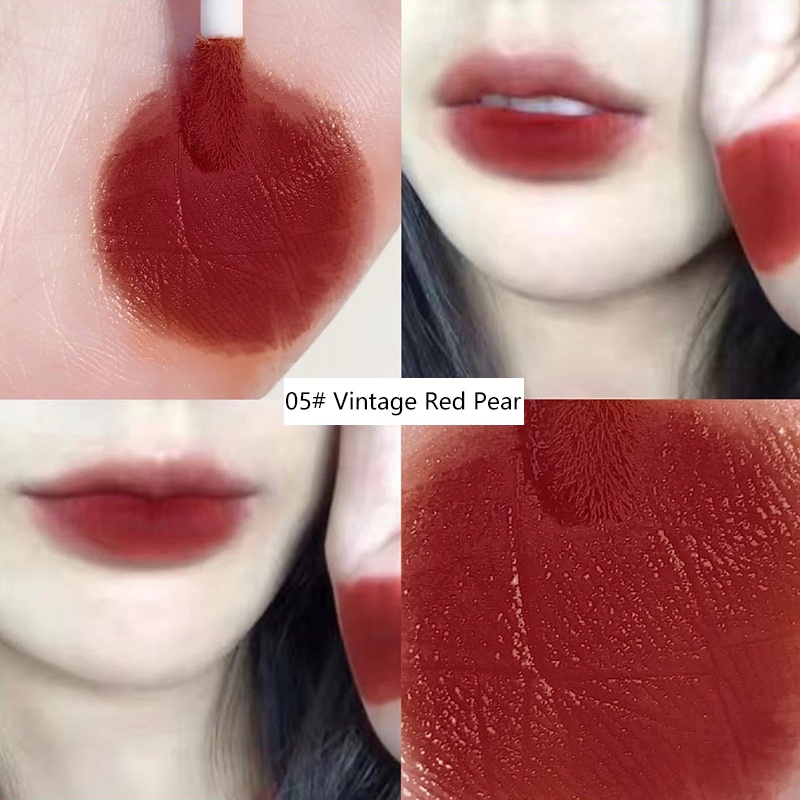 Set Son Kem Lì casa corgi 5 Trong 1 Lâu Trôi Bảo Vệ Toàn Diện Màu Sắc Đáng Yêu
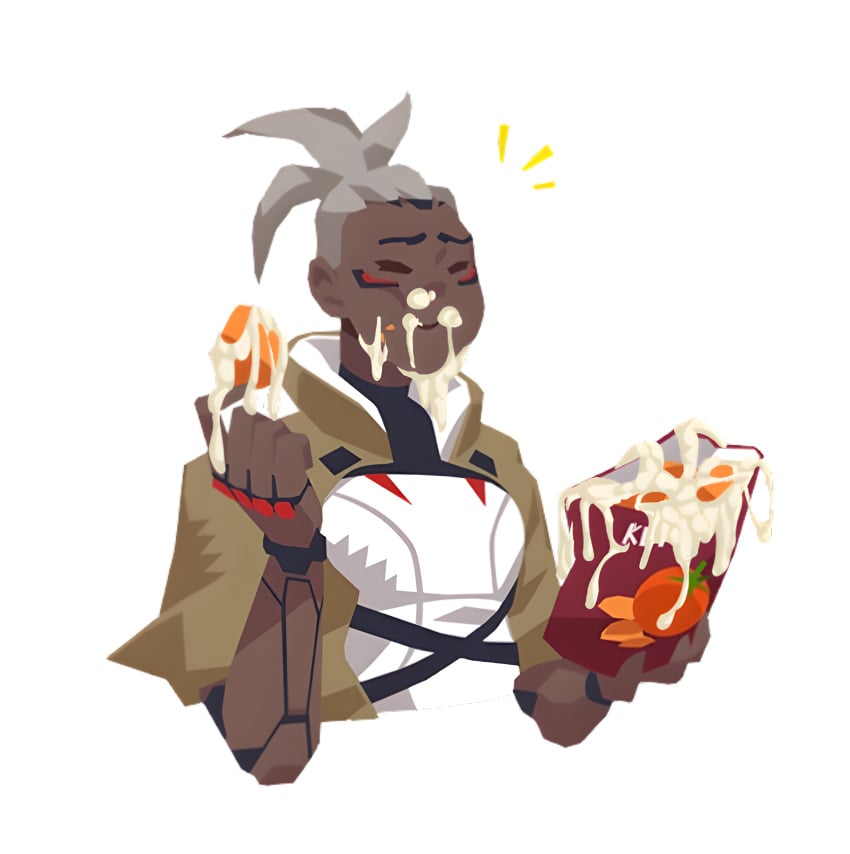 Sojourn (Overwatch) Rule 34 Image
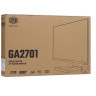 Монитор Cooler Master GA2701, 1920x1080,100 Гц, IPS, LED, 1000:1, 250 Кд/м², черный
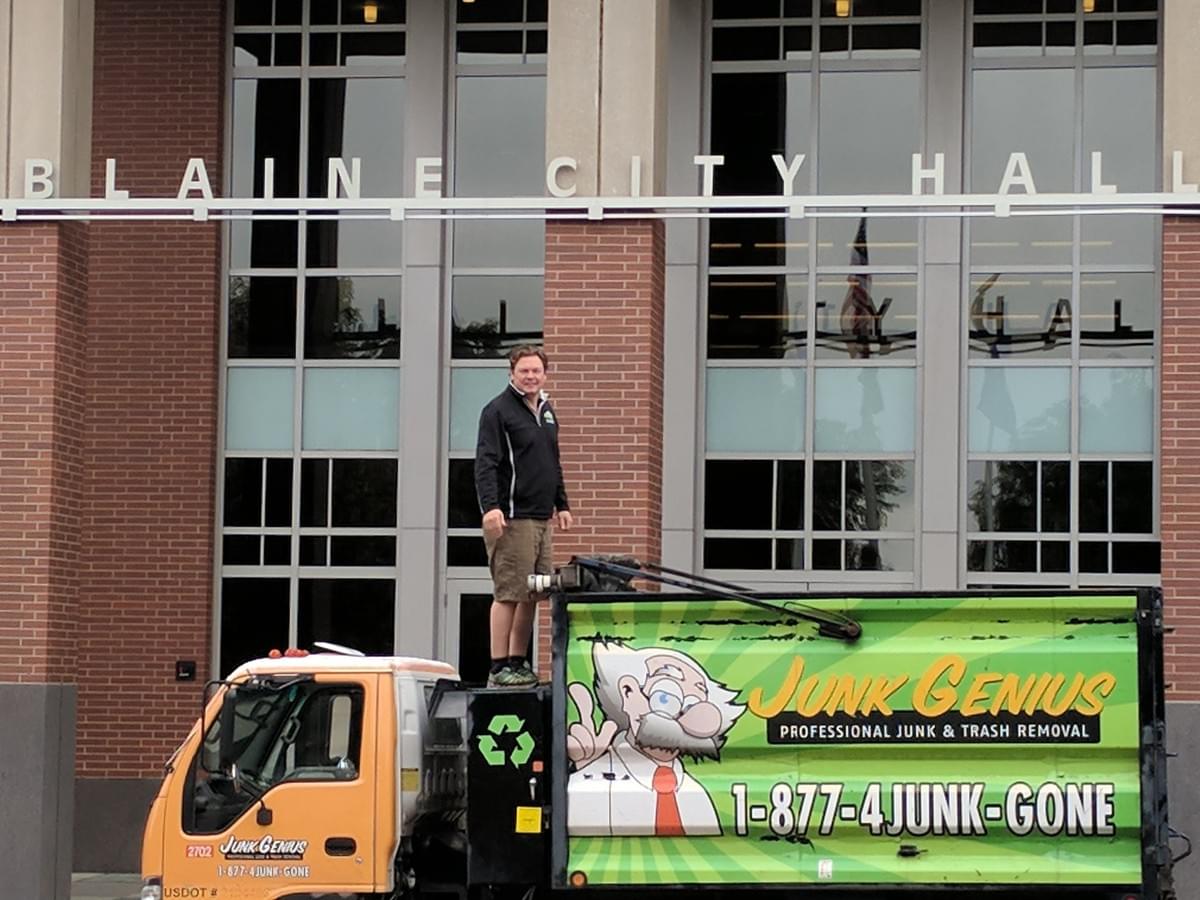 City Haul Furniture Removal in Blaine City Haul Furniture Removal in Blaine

++++++

WHAT YOU ARE ASKED TO DO
Transcribe the whole listing, character for character, but not its images.

ANSWER SPACE
 Set Son Kem Lì casa corgi 5 Trong 1 Lâu Trôi Bảo Vệ Toàn Diện Màu Sắc Đáng Yêu
 Sojourn (Overwatch) Rule 34 Image
 Монитор Cooler Master GA2701, 1920x1080,100 Гц, IPS, LED, 1000:1, 250 Кд/м², черный
 City Haul Furniture Removal in Blaine City Haul Furniture Removal in Blaine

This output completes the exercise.